Merge pull request kubernetes#67229 from feiskyer/unzoned-disks
Automatic merge from submit-queue (batch tested with PRs 66884, 67410, 67229, 67409). If you want to cherry-pick this change to another branch, please follow the instructions <a href="https://github.com/kubernetes/community/blob/master/contributors/devel/cherry-picks.md">here</a>.

Add node affinity for Azure unzoned managed disks

**What this PR does / why we need it**:

Continue of [Azure Availability Zone feature](kubernetes/enhancements#586).

Add node affinity for Azure unzoned managed disks, so that unzoned disks only scheduled to unzoned nodes.

This is required because Azure doesn't allow attaching unzoned disks to zoned VMs.

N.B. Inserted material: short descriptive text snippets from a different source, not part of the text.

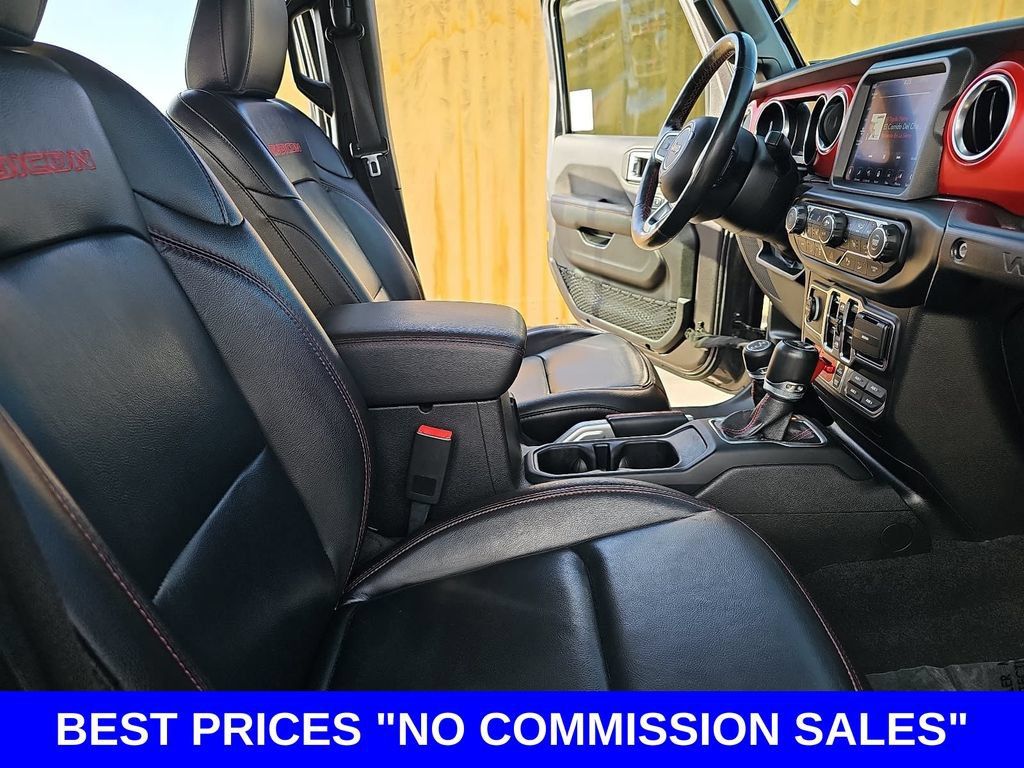 Used 2021 Jeep Wrangler Unlimited Rubicon AWD/4WD image 10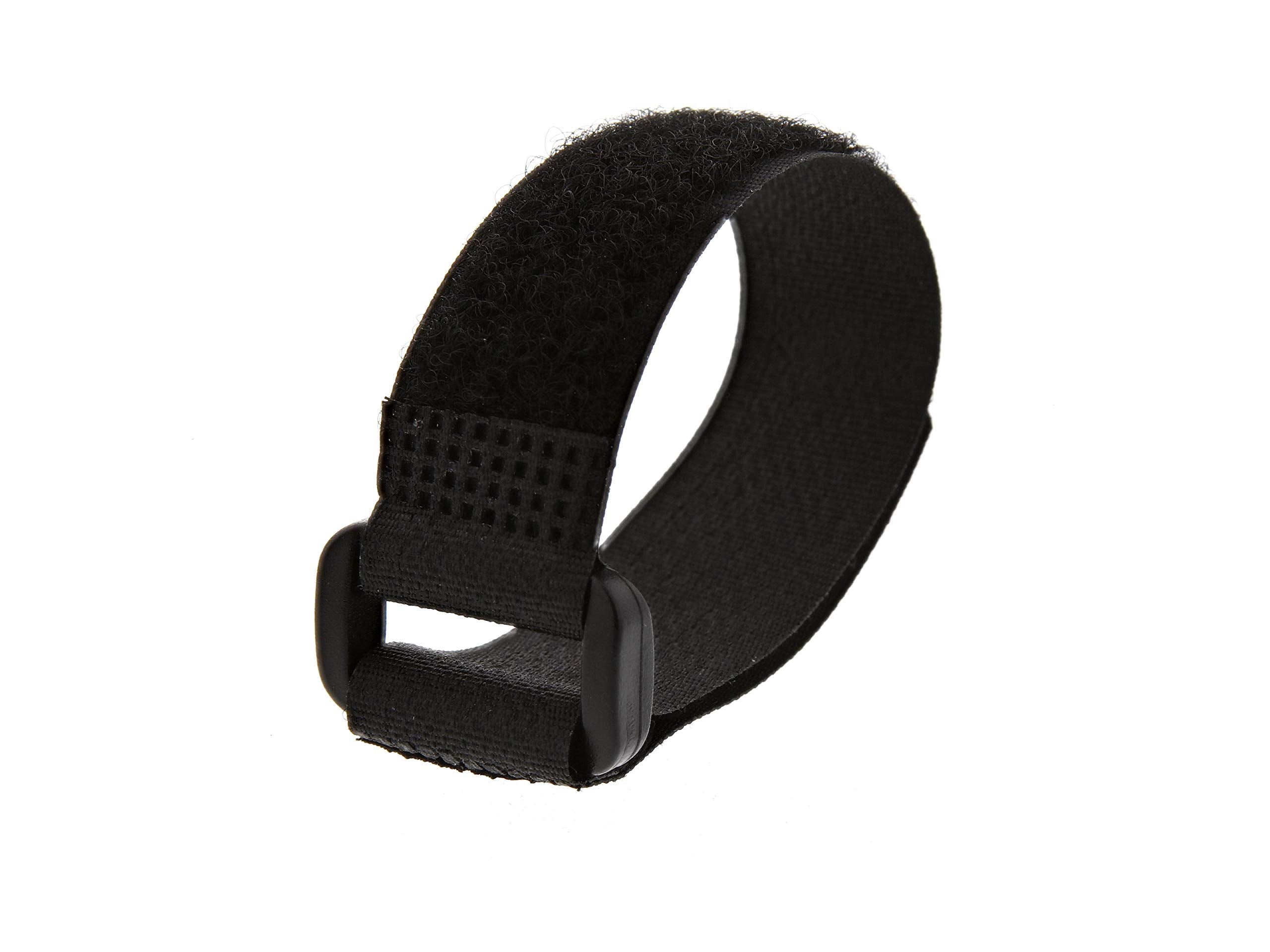 8 Inch Black Cinch Strap - 5 Pack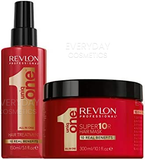 Revlon Uniq One Gift Box 2 Piece Gift Set 300ml Hair Mask + 150ml Hair Treatment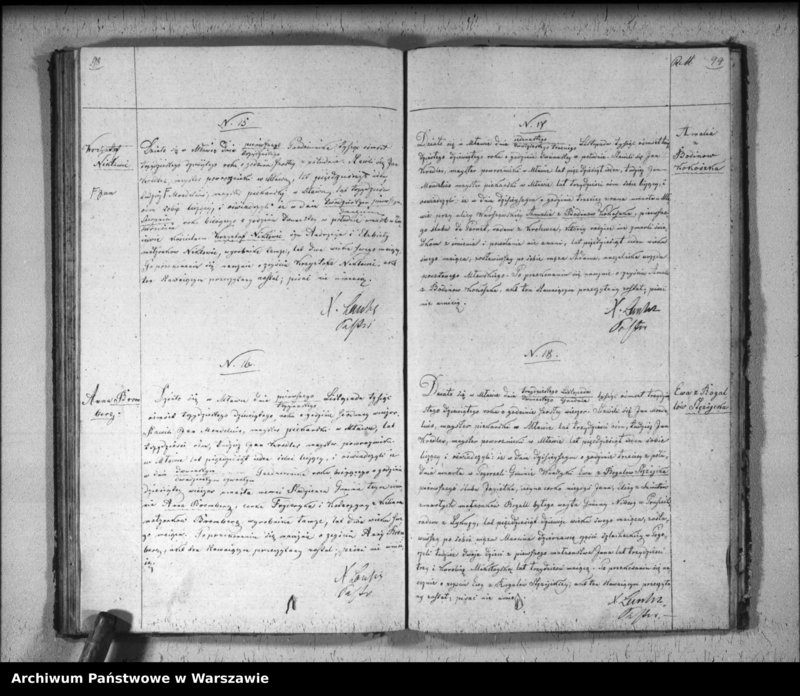 image.from.team "Akta stanu cywilnego Parafii Ewangelicko-Augsburskiej w Mławie"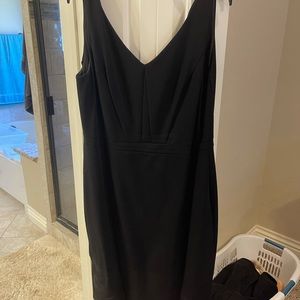 White House black market fitted dresses and heels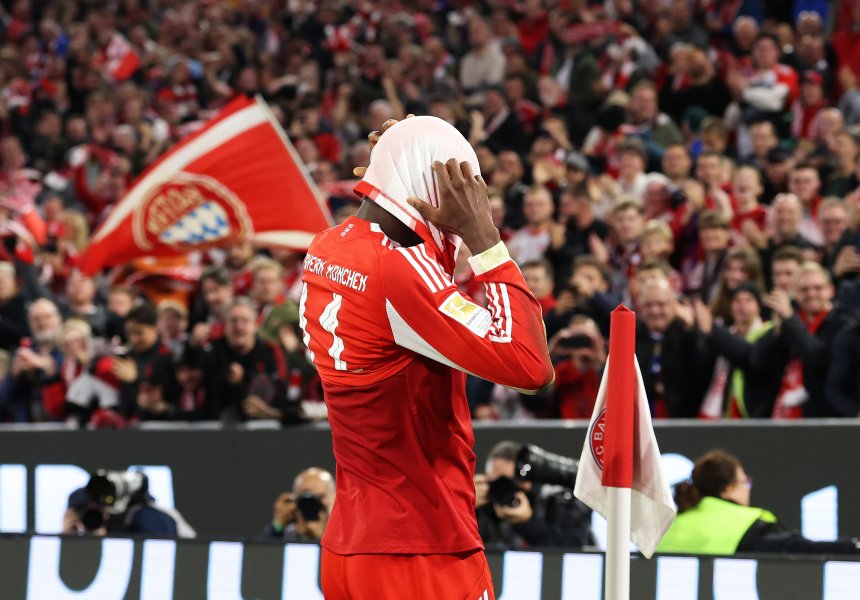 Байерн Мюнхен Байер Леверкузен1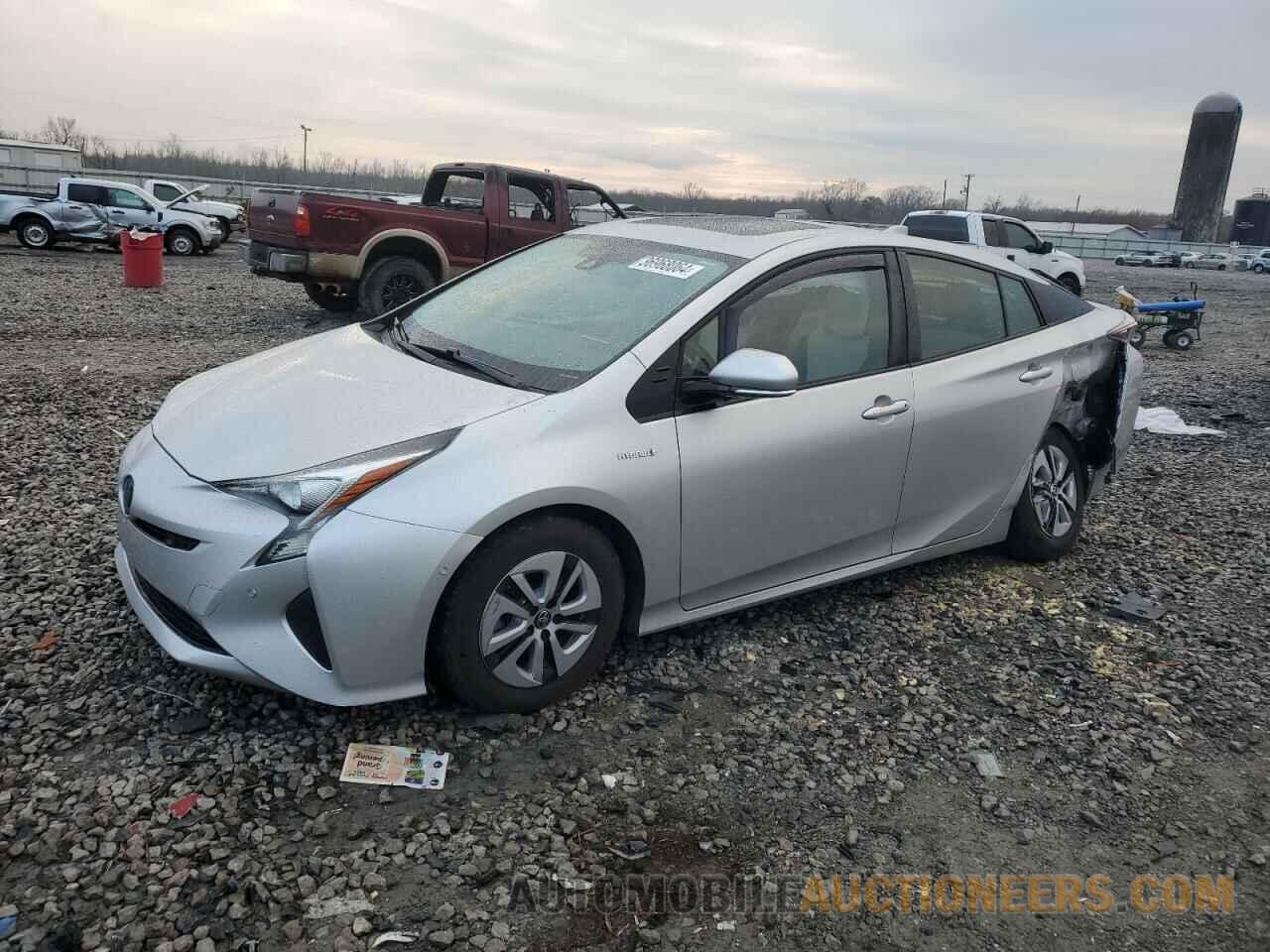 JTDKARFU2J3055568 TOYOTA PRIUS 2018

**Which issue(s) this PR fixes** *(optional, in `fixes #<issue number>(, fixes #<issue_number>, ...)` format, will close the issue(s) when PR gets merged)*:
Fixes #

**Special notes for your reviewer**:

Unzoned nodes would label `failure-domain.beta.kubernetes.io/zone=0` and the value is fault domain ( while availability zone is used for zoned nodes). So fault domain is used to populate unzoned disks.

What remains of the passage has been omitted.